I first discovered him when I read The Last Picture Show over two days during a cold snap. When I found out he wrote Terms of Endearment and Lonesome Dove, I hastily bought those as well.

I was all set to read Lonesome Dove this past winter, as a sort of homage to my mother. She and my father always used to park themselves on our family sofa during the winter and watch the miniseries while my mother knit blankets for her grandchildren.

Only the book came at an awful time in my life, given the fact the fact that I was barreling right towards a nervous breakdown and a bender that almost took my lights out.

When it came time to pack for the rehab clinic, I packed drunk off of three bottles of wine and a handle of Maker’s Mark.
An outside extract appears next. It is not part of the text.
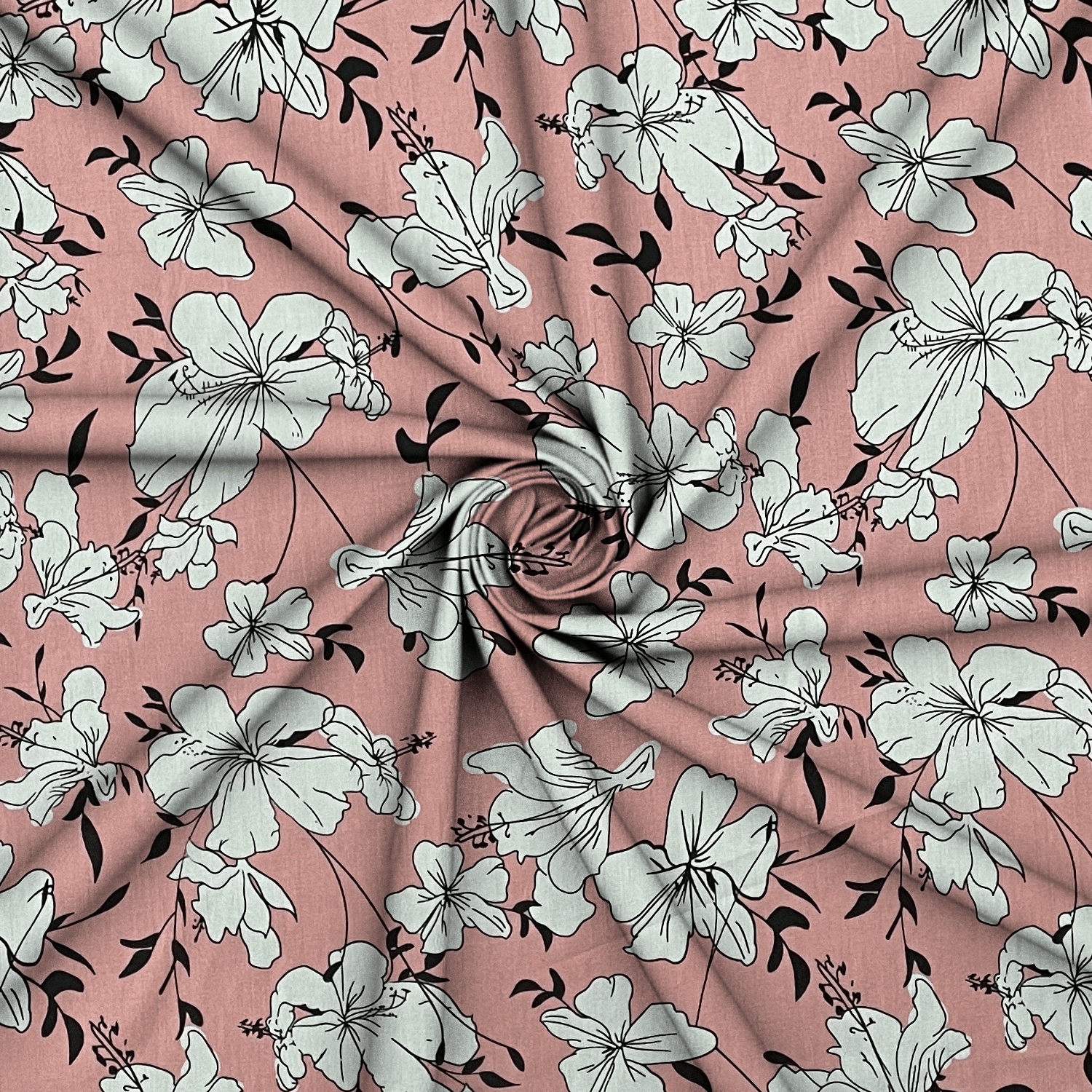 Viscose Printed Challis Summer 25 - Ragland Fabrics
I felt compelled to bring Swann’s Way and Terms of Endearment along with The Satanic Verses by Salman Rushdie, you know, the kind of light reading you’d expect someone to do when they’re at a rehab clinic.

After I finally read Postcards from the Edge, I re-read Daisy Jones and the Six, ordering a paperback off Amazon and devouring it within three days.

Terms of Endearment finally called out to me and I read it with great patience, McMurtry offering a scratch to an itch I’d been trying to ignore. I became more open in group therapy, getting over a self-imposed roadblock that happened after some friends left the clinic to get back on with their lives.

Of course Mr. McMurtry broke my heart, as he had when I read The Last Picture Show, but I was a willing sadist, hoping I could glean something from his melancholy sagacity.

When Sabrina Carpenter came out with her “Manchild” music video, I happened upon a subreddit where a Redditor asked if there was anything remotely similar to the vibes of that music video.

“Loop Group!” a fellow Redditor chimed in, “by Larry McMurtry!”

Naturally I bought it because that same Redditor described it as a lovechild between Terms of Endearment and Thelma and Louise. I was intrigued.

My mornings are spent with midnight black coffee, cigarettes, and Larry. I sit on my bed with all my pillows and my matted and well-loved teddy bear and I pore over his pages. Maggie and Connie delight me with their misadventures across the desert while Larry McMurtry narrates like God.